For most of my use cases, I have been using regex with grep and sed for data transformation stuff
in reply to Exxo

@Exxo That’s about the same approach as using awk and I feel dirty approaching the task the same clumsy and unreadable way as I did ~30 years ago.
I’d like to take the text form I have, put some variable names and qualifiers where the interesting stuff is and have a command line tool transmogrify the form and the template to a nice list of variables and their values.

I can’t be the only one, can I?

@Exxo
in reply to EndlessMason

@EndlessMason Especially with perl that’s a philosophical question :-)
But yes.
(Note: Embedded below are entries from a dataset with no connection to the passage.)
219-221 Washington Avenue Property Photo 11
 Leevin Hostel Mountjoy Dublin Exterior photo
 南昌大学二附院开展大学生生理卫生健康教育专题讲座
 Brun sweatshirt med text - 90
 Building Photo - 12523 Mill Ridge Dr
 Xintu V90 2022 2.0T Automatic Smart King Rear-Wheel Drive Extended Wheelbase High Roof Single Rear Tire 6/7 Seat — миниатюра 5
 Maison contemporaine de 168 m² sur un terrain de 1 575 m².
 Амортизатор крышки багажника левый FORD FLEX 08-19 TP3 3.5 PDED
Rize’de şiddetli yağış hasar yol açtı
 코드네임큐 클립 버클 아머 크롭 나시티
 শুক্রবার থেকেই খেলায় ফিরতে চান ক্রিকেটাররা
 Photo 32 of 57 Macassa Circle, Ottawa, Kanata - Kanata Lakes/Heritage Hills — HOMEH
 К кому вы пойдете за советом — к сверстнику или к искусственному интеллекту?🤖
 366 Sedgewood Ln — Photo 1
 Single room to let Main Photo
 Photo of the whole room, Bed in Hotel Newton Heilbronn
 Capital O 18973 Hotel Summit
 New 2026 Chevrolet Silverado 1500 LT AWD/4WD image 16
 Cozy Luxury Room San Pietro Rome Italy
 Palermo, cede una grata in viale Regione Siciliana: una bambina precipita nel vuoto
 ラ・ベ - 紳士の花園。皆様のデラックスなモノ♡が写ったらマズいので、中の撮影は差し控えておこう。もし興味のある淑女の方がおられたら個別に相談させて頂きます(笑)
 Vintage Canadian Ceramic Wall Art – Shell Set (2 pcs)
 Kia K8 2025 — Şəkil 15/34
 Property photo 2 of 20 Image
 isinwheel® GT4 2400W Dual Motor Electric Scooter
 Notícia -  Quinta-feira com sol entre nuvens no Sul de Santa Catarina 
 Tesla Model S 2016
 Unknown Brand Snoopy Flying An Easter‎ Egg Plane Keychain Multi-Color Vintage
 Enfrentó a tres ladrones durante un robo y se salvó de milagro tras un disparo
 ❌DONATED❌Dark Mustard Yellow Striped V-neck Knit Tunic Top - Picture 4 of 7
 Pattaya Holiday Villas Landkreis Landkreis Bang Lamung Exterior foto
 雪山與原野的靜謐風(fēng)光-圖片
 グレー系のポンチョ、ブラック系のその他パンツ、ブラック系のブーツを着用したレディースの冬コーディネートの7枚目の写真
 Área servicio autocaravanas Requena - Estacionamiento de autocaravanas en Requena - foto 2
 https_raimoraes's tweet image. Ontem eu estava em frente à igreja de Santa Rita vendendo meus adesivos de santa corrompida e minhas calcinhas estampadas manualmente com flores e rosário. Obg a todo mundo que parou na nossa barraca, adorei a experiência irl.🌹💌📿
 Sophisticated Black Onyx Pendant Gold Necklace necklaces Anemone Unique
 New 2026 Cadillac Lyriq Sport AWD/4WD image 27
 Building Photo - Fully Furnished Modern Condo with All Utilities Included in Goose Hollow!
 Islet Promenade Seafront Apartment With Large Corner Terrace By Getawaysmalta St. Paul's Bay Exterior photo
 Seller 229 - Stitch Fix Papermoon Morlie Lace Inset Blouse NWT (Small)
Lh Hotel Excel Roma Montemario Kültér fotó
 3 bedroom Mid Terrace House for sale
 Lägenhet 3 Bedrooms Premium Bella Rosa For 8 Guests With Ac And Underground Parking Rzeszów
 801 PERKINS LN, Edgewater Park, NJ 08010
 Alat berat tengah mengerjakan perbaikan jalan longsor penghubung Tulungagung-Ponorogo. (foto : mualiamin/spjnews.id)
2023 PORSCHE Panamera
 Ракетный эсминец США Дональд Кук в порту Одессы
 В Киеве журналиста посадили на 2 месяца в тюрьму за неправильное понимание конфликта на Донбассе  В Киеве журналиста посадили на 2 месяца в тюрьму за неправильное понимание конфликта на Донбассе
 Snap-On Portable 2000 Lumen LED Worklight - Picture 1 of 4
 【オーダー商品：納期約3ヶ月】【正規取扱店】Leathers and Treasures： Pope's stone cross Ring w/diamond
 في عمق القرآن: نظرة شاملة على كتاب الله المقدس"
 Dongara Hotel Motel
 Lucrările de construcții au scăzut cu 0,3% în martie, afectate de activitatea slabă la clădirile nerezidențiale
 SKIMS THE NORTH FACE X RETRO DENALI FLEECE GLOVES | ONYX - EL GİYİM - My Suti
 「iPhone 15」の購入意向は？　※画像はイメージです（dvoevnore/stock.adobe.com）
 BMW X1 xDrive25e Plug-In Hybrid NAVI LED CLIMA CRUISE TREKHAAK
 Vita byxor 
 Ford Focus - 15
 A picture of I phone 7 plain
Are there good ways to solve this with templates in Perl?
in reply to chris@strafpla.net

If that format has a name there might be something on metacpan.org

Otherwise just a for loop and either
- capture / nibble the start off lines with a regex - it looks like some columns end in : and some don't so
if (s/([^:]+)://) {...$1 }
- split also with a regex
If this is fixed with, so maybe
- scanf (printf backwards)
- match column widths (guess/check the numbers) @cols=/(.{5}):(.{15}).../

Then just use HTTP::Tiny / JSON / YAML / DBI+sqlite to stash it away

in reply to EndlessMason

@EndlessMason That’s exactly the - working - solution I want to avoid this time :-)
I want to take a formatted source with some annotations and use this to match the source and extract the data.
What really really irks me is that I’m feeling as if I had briefly seen something like this many years ago.
in reply to Charlie Stross

@cstross awk just is an option because it’s omnipresent - as is (some version of) Perl, so that’s fine, too.
But both don’t seem to come with a way of doing the trivial magic I’m envisioning.
Maybe I’ll just have to implement it myself - I think rewriting a human readable template to simple regex that is then used further down would work.
(And then I’d find umpteen better implementations that already have been done by people who unlike me are proper programmers.)
in reply to chris@strafpla.net

Oh, I’m not sure if that’s obvious: I want to parse the pretty text and extract some variables, not the other way around.
This entry was edited (3 weeks ago)
in reply to chris@strafpla.net

ah! That wasn't obvious, no. (Perl regexps with whitespace and inline comments for your future self? 🤪)
in reply to Charlie Stross

That would be close but I can not shake off the feeling that some time in the past I did use a tool with this workflow: Save text once, substitute values for variable names and types, mark up some irregularities, get an output of variable names and values for each new text.
This is so simple that a solution must exist.
This entry was edited (3 weeks ago)
in reply to chris@strafpla.net

@claushc I’ve used textfsm for hundreds of formatted text parsing problems just like this. It’s definitely the way to go.
in reply to pheller

@pheller @claushc It’s not exactly what I was looking for but maybe it is what I needed to find. And it pointed me in the direction of a lot of additional tools I didn’t know. That will be really useful, thanks!
in reply to chris@strafpla.net

if the input is fairly well-formed and stable, I would just throw a bit of awk at it, unless you plan on doing a lot of or complex processing on the result.
in reply to Michael Knudsen %n%n%n%n

@mk The input is very stable and I have mangled these things countless times with awk/sed/perl/… But every time I did this for more than one value it felt wrong, ineffective and not reusable.
The data basically is pre formatted with annotated values in positions relative to the annotations.
There must be a way that is more accessible, maybe template based. Someone must have done this already in a better way than I can. Maybe I’m just missing a trivial way of using the tools I have.
in reply to chris@strafpla.net

.@chris I’ve parsed a lot of things like this with awk / nawk / gawk.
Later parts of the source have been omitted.